You can accomplish a lot more in small increments — even fifteen minutes is enough time to do a little bit of quality work. Just get a decent start, and don’t worry so much about finishing. If you start often enough, the end will take care of itself.

That’s the ideal for the smart disorganized individual. Working in a lot of 15 minute (or shorter) fragments according to your inspiration, energy and available time.

But there’s a big problem : switching costs. Every time you drop something and pick it up later, you have to re-aquaint yourself with the context of what you were doing. You have to recharge the short-term memory. Of course, if you’d documented what you were up-to initially, returning would be easier. But in fifteen minute bursts, who has time to write documentation too?

Without that, a lot of your fifteen minutes, and a lot of your energy, get wasted on rediscovering what you were doing previously. Or even, if you’ve totally forgotten (as I sometimes have), redoing something that was already done! That makes the SDI way less effective than someone who can actually concentrate and stick at one task for a reasonable length of time.

Not surprisingly, I think personal wiki is the beginnings of a solution. What’s needed is somewhere to keep track of what you’re doing as simply as possible. And while you are doing it.

Notes should be written to accompany the process. Ideally, you can open a notebook, create a new page and just get down to it in less than a minute. Using the notebook as a scratch-pad for your ideas while you work.

Then, when you want to switch out of that context, You want to hit “save” and be finished with it. Not hit “save” and be having to think : “where shall I put this document in the file-system? Oh, God! Is it better to put it under ‘My Documents/teaching/advanced-programming/examples/’ or better to put it under ‘Development/Python/adPro/’ Wow! I’m such a loser because I can’t keep my files sorted”

Similarly, when you return to the project, to make the most of those 10 – 15 minutes, you want to recover that context quickly, not frantic scrabbling around hard-to-click little folder-icons in Windows Explorer, waiting for the turgid “Find files or folders”.

You usually remember enough about the project to remember its name. So you really just want to type that name into a convenient place on the screen and be there.

Alternatively, stick a link to each project, slap bang on the start-up page of the notebook in large letters. In a personal wiki this is trivial. You just hit edit; type the page-name link; save; go to the page. Now the context is reachable within one click of opening the wiki.

If you have several projects on the go, put a bullet list of links to them as the first thing on your front page. That puts them all easily within reach. When the project finishes or becomes less of a priority, you can move the link elsewhere : further down the page or onto another one.

On the other hand, maybe when you started thinking about “BirthdayInvites” yesterday, you forgot to link this from the front-page.

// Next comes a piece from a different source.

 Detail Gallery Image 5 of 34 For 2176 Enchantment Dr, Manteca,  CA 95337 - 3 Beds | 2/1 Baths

It’s not really a big project, but today it would be nice to get there quickly. But what did you call it? In this situation, the RecentChanges button is invaluable. Hit “Recent” and yesterday’s (and the day before’s, and the … etc.) edits are within one-click.

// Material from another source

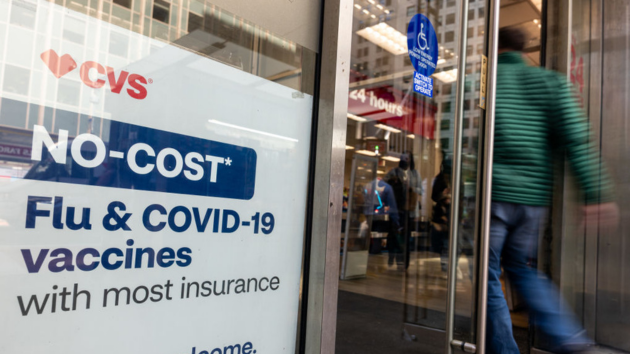 Why are more than 300 people in the US still dying from COVID every week?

In exceptional circumstances you forgot the name of the page; you last touched it months ago; and you don’t remember a route to it from the front-page. Now “search” comes into its own. If you can remember just a name or word that’s likely to be in the page, you can search for it. It’s a little longer, but it will still get you there faster than wandering cluelessly in Windows Explorer.

Why is wiki so good for this? Well, having built-in search and RecentChanges is handy. But hypertext, not hierarchy means that a wiki can have “small world” properties. Everywhere is only a few clicks from everywhere else. Compare this to what happens once your file-system gets crowded and in getting from the Ping project to the Pong project you might find yourself going up five or six levels to find a common root of the two, and then navigating (more or less blindly) down another branch of the file-system. Going down is less comfortable than going up. You have to scroll around to find the right icon to click in the absurdly cramped “file open” dialog. That’s assuming you recognise which route to take at all. Often you find yourself guessing wrong, going down the wrong sub-branch, and having to backtrack.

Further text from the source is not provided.